Just from the details there, I wouldn't have even had to call med control to call that patient. He would not have been transported.


----------



## Medic Tim (Nov 13, 2012)

sneauxpod said:


> So this didnt happen to me, but a friend from work was telling me about this run they went on the other day. Mid-30s Male was struck by a vehicle going 40+ in a residential area. When they got on scene there was already a large crowd gathered and police on scene. They get to the patient and he has severe head, facial and chest trauma and deformity amongst other things. CPR had been administered prior to arrival, pulse had returned and then after another check had stopped so CPR was re-initiated.

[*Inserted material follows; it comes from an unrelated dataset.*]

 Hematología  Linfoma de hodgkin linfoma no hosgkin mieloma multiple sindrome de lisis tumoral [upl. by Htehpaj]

The PT is severely bleeding and with every compression blood is coming out of his mouth. Additional help is coming hot but they are about 15mins away. There arent enough trained hands on scene to move the patient so everything is being done on scene. Once the second crew arrives the PT is moved to the ALS rig and transported to the hospital. He is pronounced DOA at the hospital. I am not exactly sure what the protocol in my friends area is, but if I was on scene I would have contacted med control and seen if they wanted me to call on scene or continue. What Do you think? Should the PT have been called on scene or did my friend do the right thing?

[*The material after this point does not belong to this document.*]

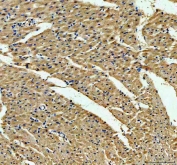 IHC staining of FFPE rat heart tissue with ACADVL antibody. HIER: boil tissue sections in pH8 EDTA for 20 min and allow to cool before testing.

If you aren't going to load and go with this pt there is no need to ever start. Why couldnt the initial crew load and go? The only things that we can do for these pts are A. Call it or B. Get them to surgery ASAP. Acls will do nothing for this pt.

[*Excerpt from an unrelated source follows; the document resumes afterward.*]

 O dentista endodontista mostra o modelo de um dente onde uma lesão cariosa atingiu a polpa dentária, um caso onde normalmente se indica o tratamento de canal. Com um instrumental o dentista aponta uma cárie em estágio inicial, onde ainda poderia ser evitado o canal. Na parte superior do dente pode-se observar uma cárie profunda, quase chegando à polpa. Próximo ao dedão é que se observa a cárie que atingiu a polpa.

Was the pt in arrest one ems arrival or arrest in their presence? How far from a trauma center were they?

Blunt trauma arrest = injuries incompatible with life. 

I would have called it there...no olmc needed. 

If it was witnessed I have the option of load and go or bls code for 5 rounds and if no rosc call it. If we are less than 15 to trauma center.


----------



## sneauxpod (Nov 13, 2012)

> Was the pt in arrest one ems arrival or arrest in their presence? How far from a trauma center were they?



He was in arrest on arrival, but there was a confirmed pulse by 2 police officers a minute or two prior to arrival so im guessing either it stopped again or the officers are total idiots. so i guess technically it was witnessed.



> If it was witnessed I have the option of load and go or bls code for 5 rounds and if no rosc call it. If we are less than 15 to trauma center.



Im pretty sure the only als they did was dropped an ET in him. besides that it was all bls. and they were about 15 from lv 1 trauma, im not sure as to why they didnt just load and go though. but im with you, I would have just called on scene.


----------



## NYMedic828 (Nov 13, 2012)

exsanguinating blood loss is incompatible with life.

His injuries are incompatible with life.

His lack of a pulse is incompatible with life.


DOA.


----------



## TransportJockey (Nov 13, 2012)

Would have called it on scene. Blunt trauma arrests are statistically a crap shoot.


----------



## NYMedic828 (Nov 13, 2012)

TransportJockey said:


> Would have called it on scene. Blunt trauma arrests are statistically a crap shoot.



all trauma arrests are arguably a crapshoot.


----------



## TransportJockey (Nov 13, 2012)

NYMedic828 said:


> all trauma arrests are arguably a crapshoot.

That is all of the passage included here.